__EXERCISE INSTRUCTIONS__:
Repeat the lines below exactly as written, please, from the line with "BAS-IP-AV-08FB-GOLD-IP-Intercom-Call-Panel-FIG1" to the line with "image:imageMakeMeChic Womens Ditsy", both lines included, and no others.

__RECORDED DATA__:
==========

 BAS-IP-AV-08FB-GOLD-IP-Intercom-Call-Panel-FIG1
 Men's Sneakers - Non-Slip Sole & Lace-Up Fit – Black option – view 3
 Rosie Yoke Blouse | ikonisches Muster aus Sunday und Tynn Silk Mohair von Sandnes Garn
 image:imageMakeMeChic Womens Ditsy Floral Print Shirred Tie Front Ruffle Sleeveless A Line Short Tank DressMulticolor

==========

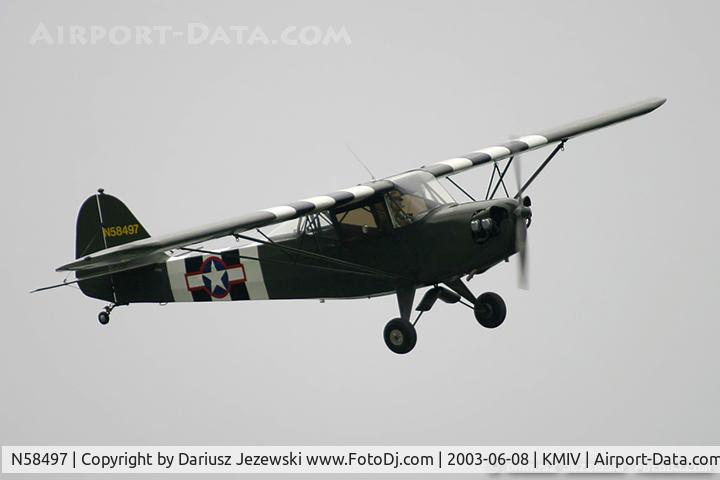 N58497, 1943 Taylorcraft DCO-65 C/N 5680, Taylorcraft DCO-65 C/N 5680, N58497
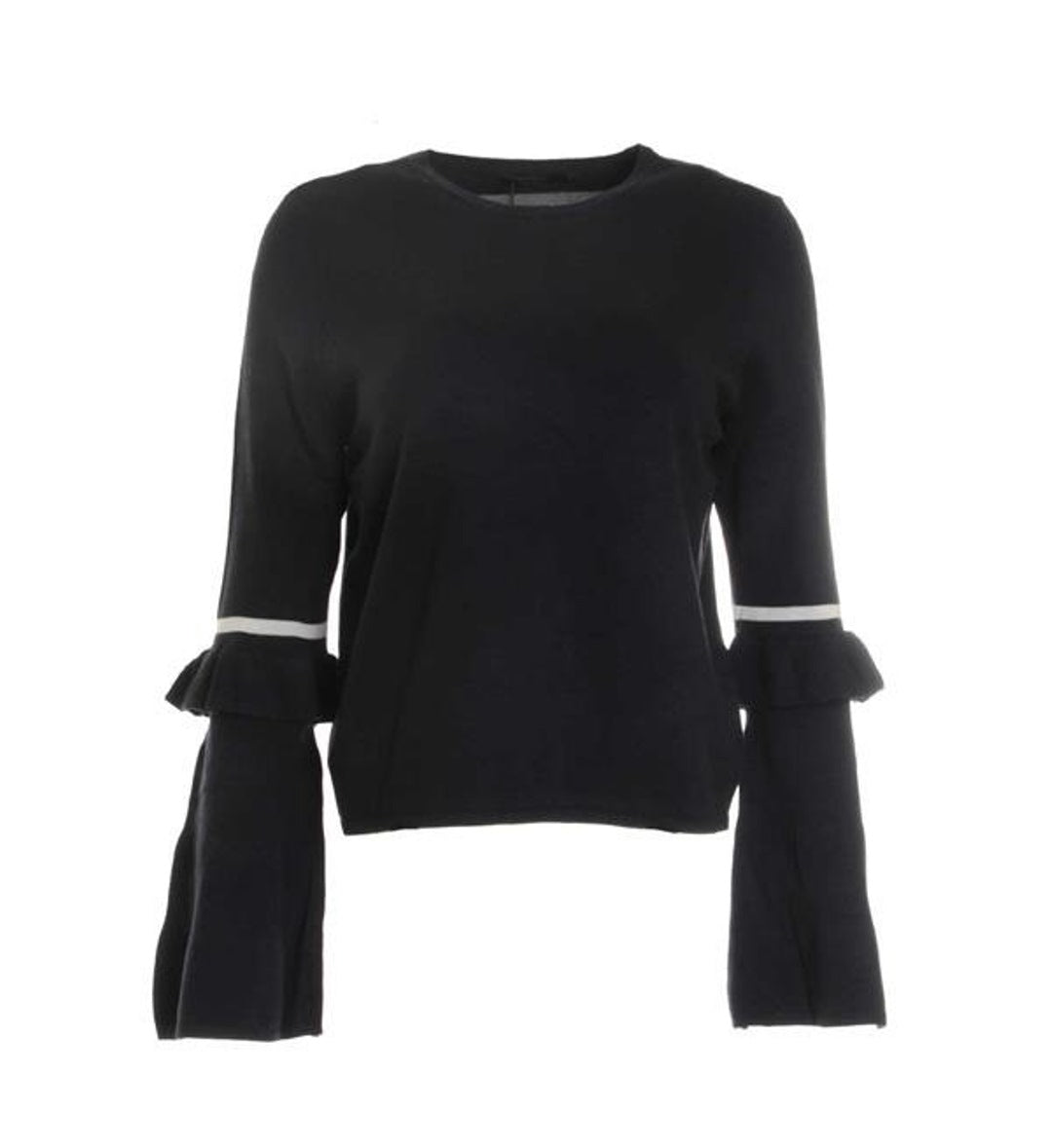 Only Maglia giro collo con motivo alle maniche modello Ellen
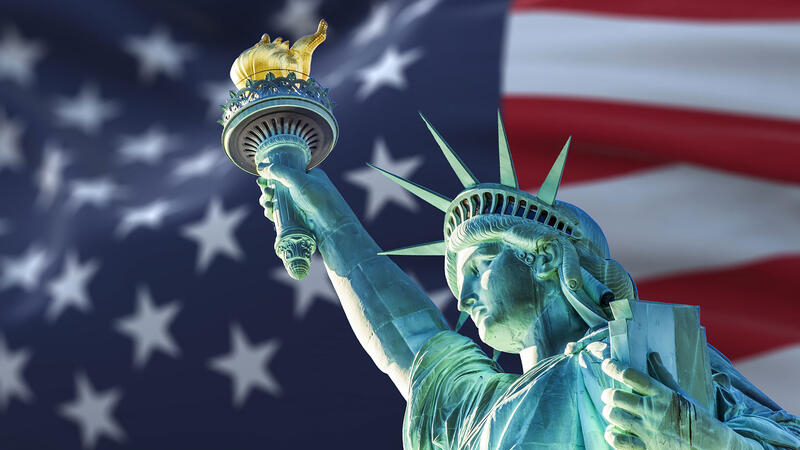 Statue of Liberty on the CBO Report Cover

==========

__TASK OUTPUT__:
 BAS-IP-AV-08FB-GOLD-IP-Intercom-Call-Panel-FIG1
 Men's Sneakers - Non-Slip Sole & Lace-Up Fit – Black option – view 3
 Rosie Yoke Blouse | ikonisches Muster aus Sunday und Tynn Silk Mohair von Sandnes Garn
 image:imageMakeMeChic Womens Ditsy Floral Print Shirred Tie Front Ruffle Sleeveless A Line Short Tank DressMulticolor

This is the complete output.